• ABOUT THIS EXERCISE:
Below is a listing; retype exactly the lines between the one containing "Personalized Oversized Hooded" and the one containing "Keep Your Daily", inclusive, minus the pictures.

━━━━

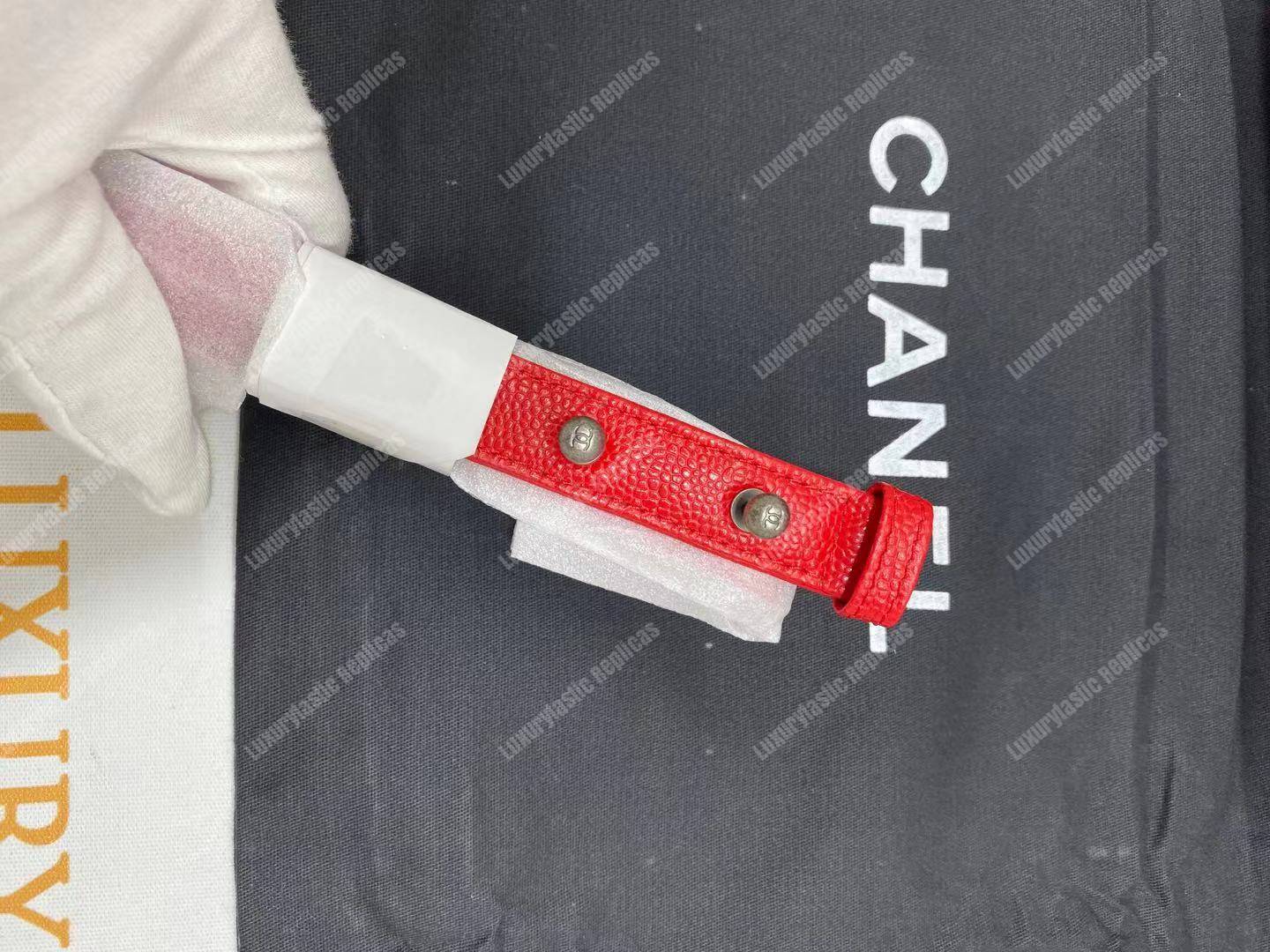 Ch*el boy medium handbag red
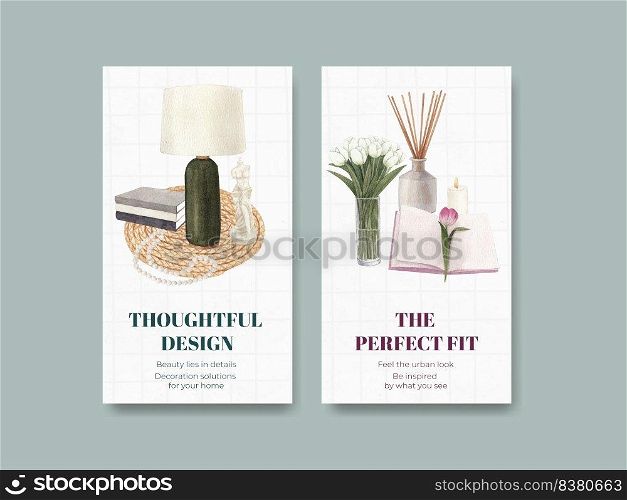 Instagram template with nordic antique home concept,watercolor style  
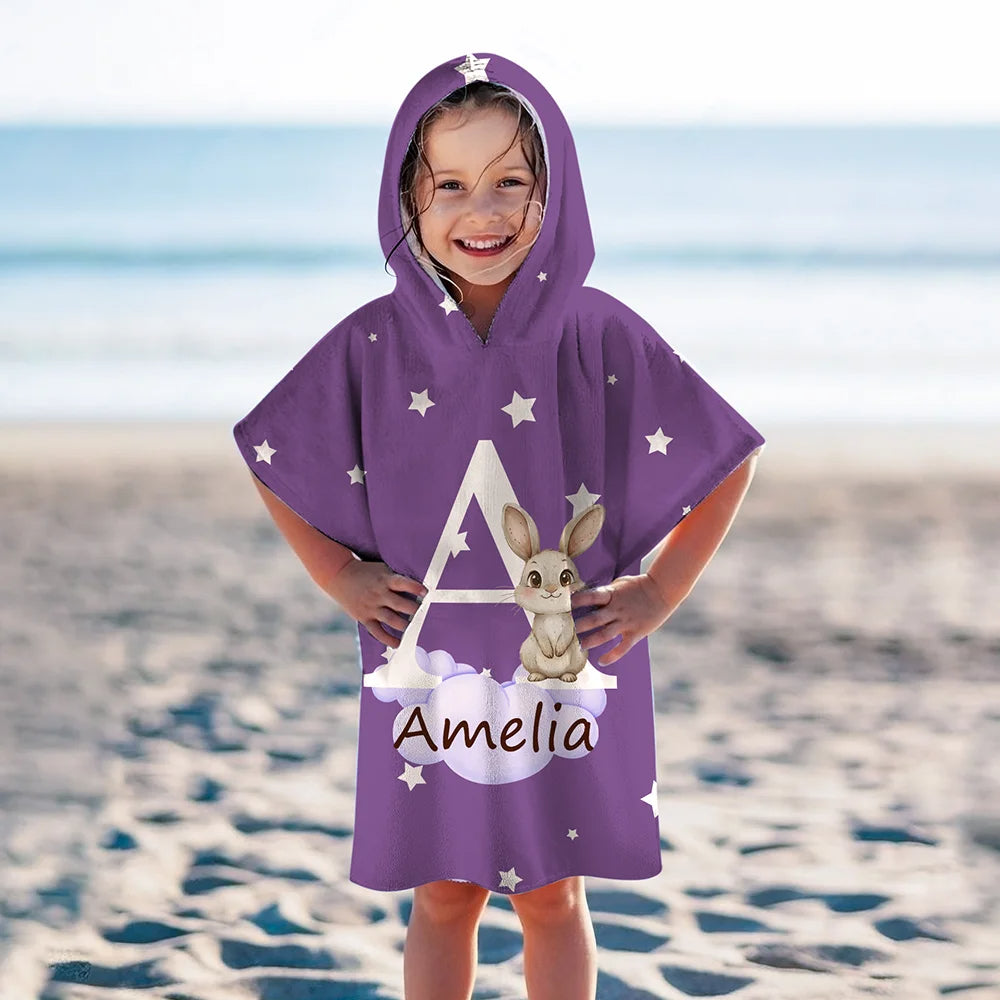 Personalized Oversized Hooded Beach Towel with Forest Animals, Name and Initial – Super Absorbent Travel Summer Vacation Birthday Gift for Kids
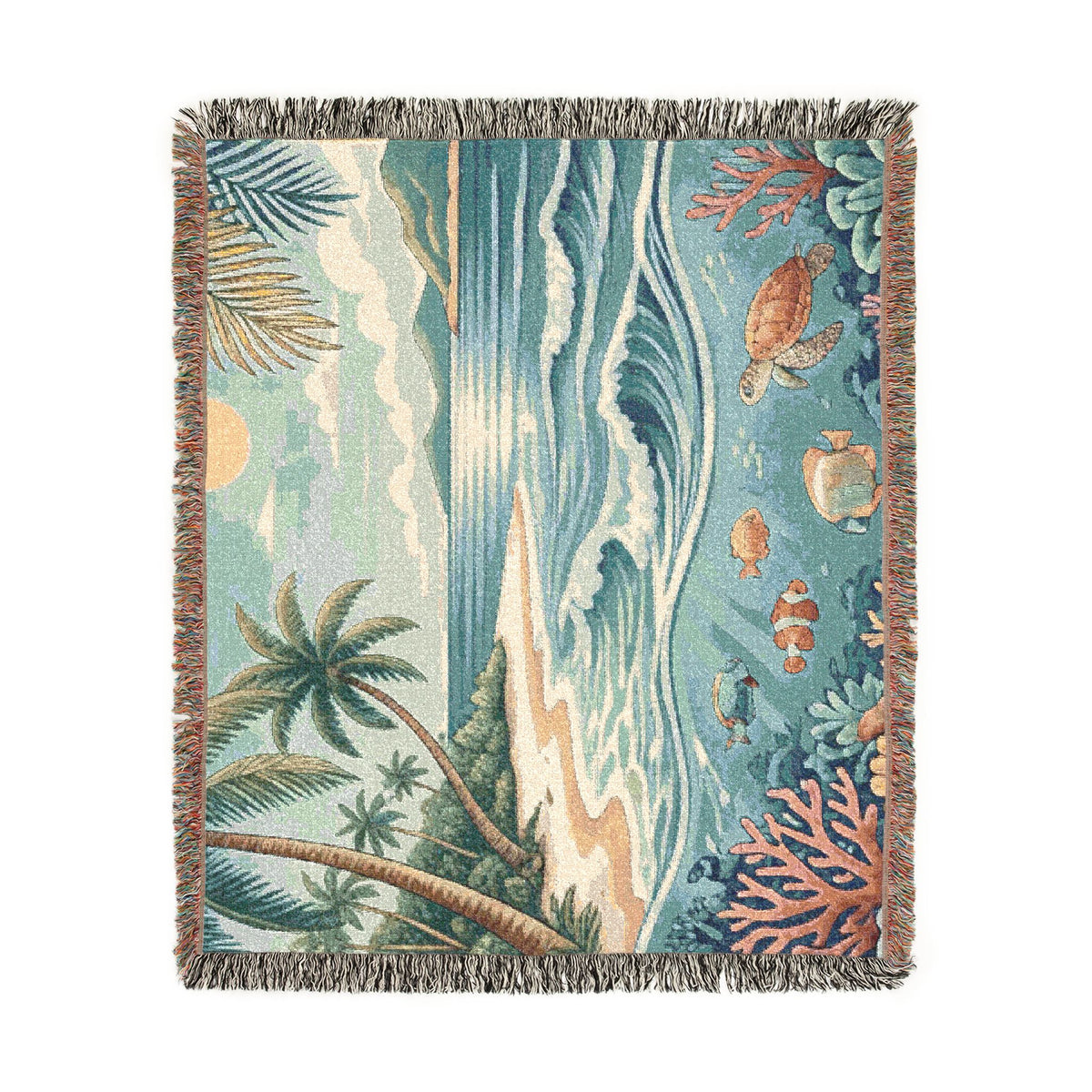 Tropical Beach Scene Woven Blanket | Ocean, Palm Trees, Coral Reef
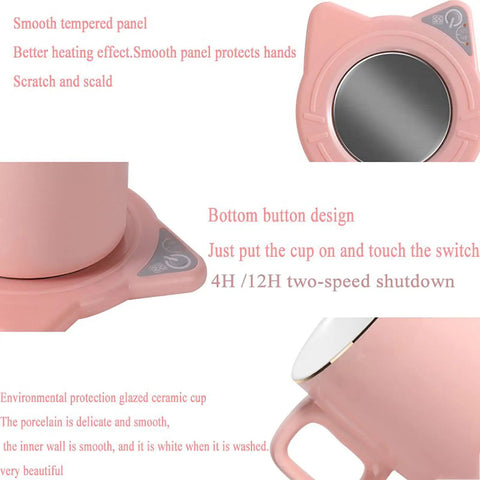 Keep Your Daily Grind Toasty With This Rapid Heating Desk Coffee Warmer Featuring Smart Temperature Controls Dual Timer Auto Shutoff And An Anti Slip Plate For Zero Mess Sipping, showing pink ceramic mug heater with smooth panel.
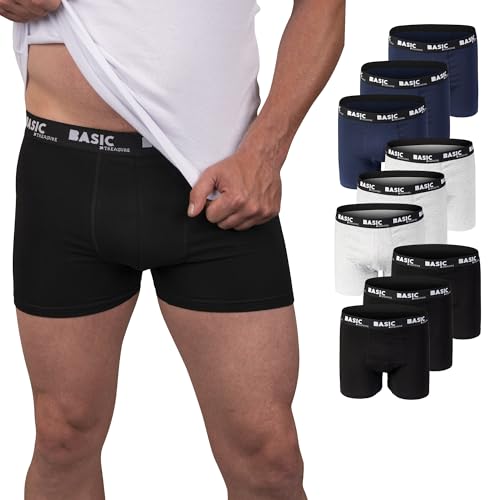 Basic Treasure 9 Paar Unterhosen Männer, Baumwolle Boxershorts Herren, Weiche Unterwäsche, Perfekte Passform (XXL - 9 Paar - Schwarz, Grau und Navy) von Basic Treasure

━━━━

• EXERCISE OUTPUT:
 Personalized Oversized Hooded Beach Towel with Forest Animals, Name and Initial – Super Absorbent Travel Summer Vacation Birthday Gift for Kids
 Tropical Beach Scene Woven Blanket | Ocean, Palm Trees, Coral Reef
 Keep Your Daily Grind Toasty With This Rapid Heating Desk Coffee Warmer Featuring Smart Temperature Controls Dual Timer Auto Shutoff And An Anti Slip Plate For Zero Mess Sipping, showing pink ceramic mug heater with smooth panel.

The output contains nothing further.